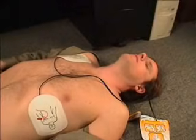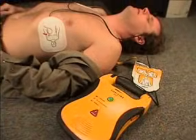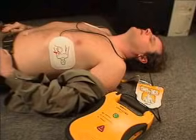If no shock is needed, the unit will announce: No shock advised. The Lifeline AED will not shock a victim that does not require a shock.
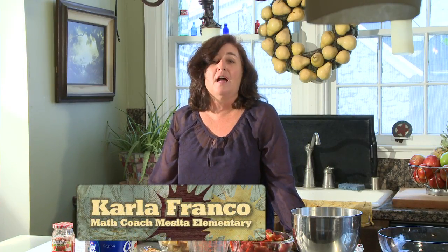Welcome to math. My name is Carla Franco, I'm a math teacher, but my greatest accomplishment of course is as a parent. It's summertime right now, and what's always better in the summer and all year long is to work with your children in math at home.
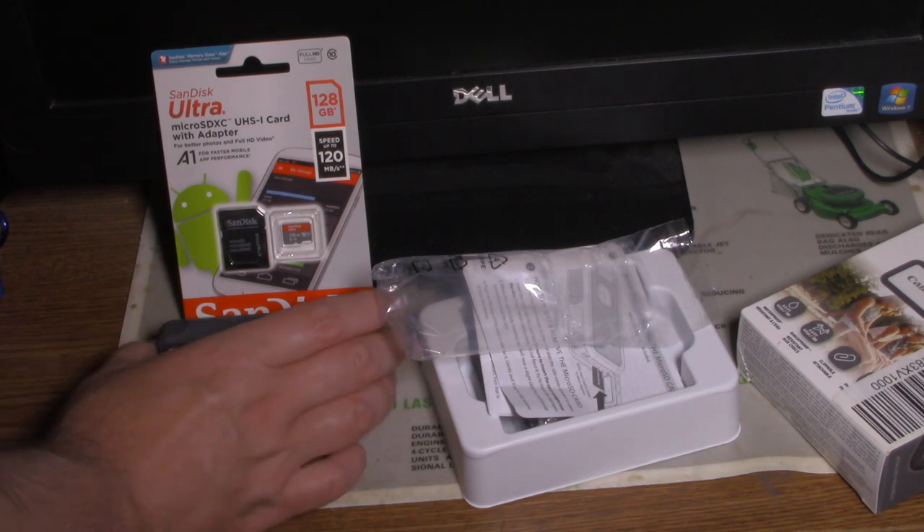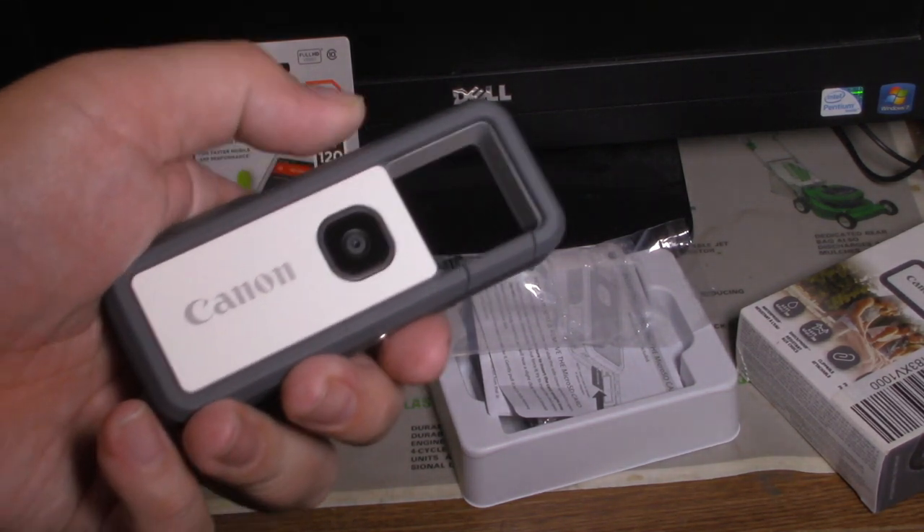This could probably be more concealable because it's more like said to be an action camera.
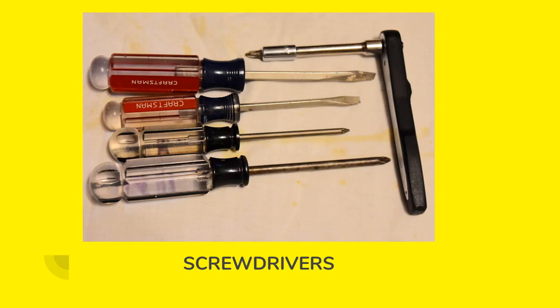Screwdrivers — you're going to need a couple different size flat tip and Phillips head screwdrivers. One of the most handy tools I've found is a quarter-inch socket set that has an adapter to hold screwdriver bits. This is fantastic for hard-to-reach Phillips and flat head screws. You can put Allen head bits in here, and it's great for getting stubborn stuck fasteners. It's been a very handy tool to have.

· · · ·

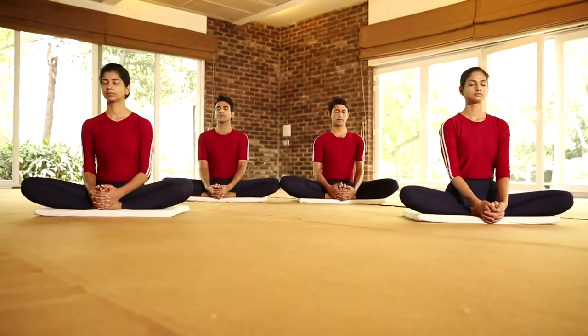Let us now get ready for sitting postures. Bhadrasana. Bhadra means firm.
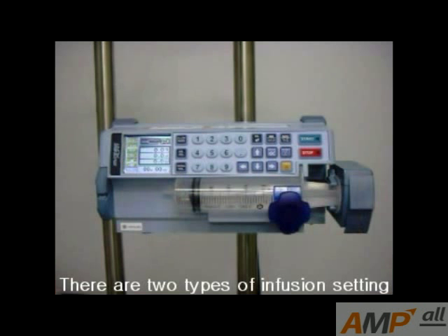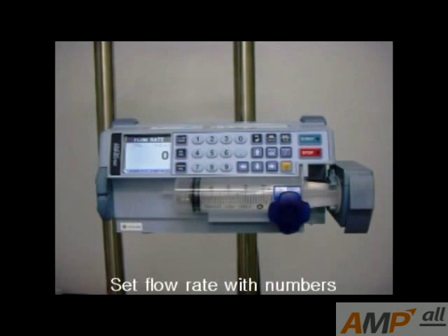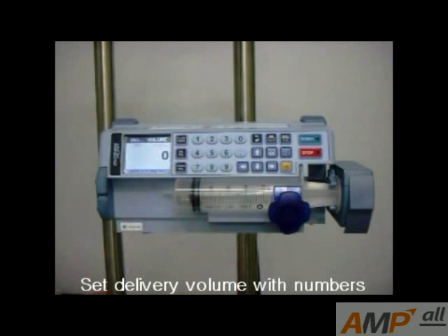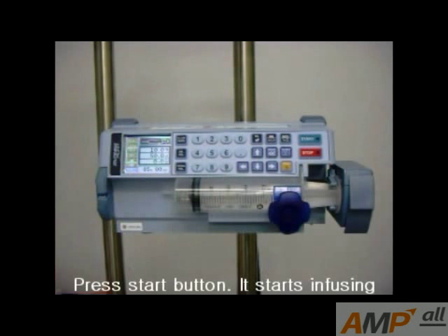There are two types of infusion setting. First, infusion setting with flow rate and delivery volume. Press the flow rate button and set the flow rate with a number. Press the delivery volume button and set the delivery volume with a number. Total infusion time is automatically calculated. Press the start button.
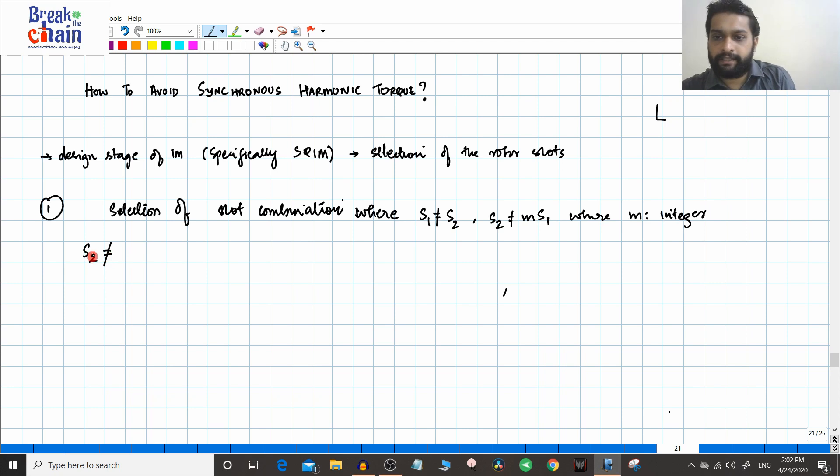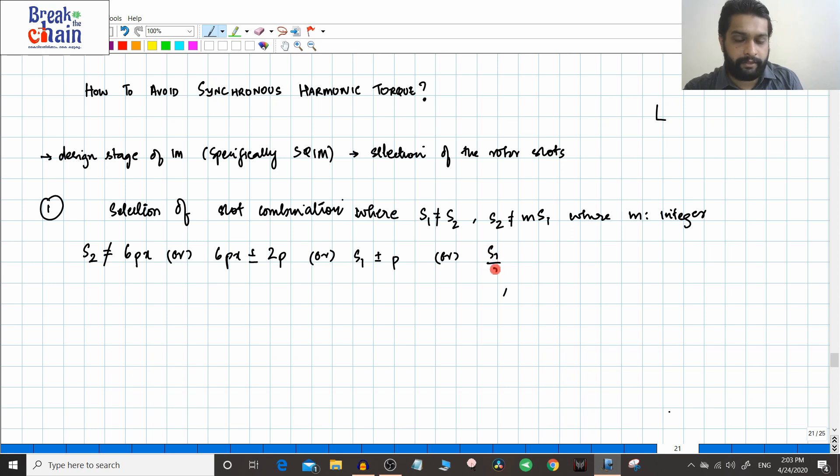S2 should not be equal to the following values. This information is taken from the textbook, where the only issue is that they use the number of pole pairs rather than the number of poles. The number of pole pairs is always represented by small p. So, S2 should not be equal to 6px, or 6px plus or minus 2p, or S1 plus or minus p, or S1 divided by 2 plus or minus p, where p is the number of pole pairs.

· · · ·

Within the listing above, the lines starting at the one containing "Welcome to math." and ending at the one containing "This could probably" are to be returned exactly. Omit the pictures.

Welcome to math. My name is Carla Franco, I'm a math teacher, but my greatest accomplishment of course is as a parent. It's summertime right now, and what's always better in the summer and all year long is to work with your children in math at home.
This could probably be more concealable because it's more like said to be an action camera.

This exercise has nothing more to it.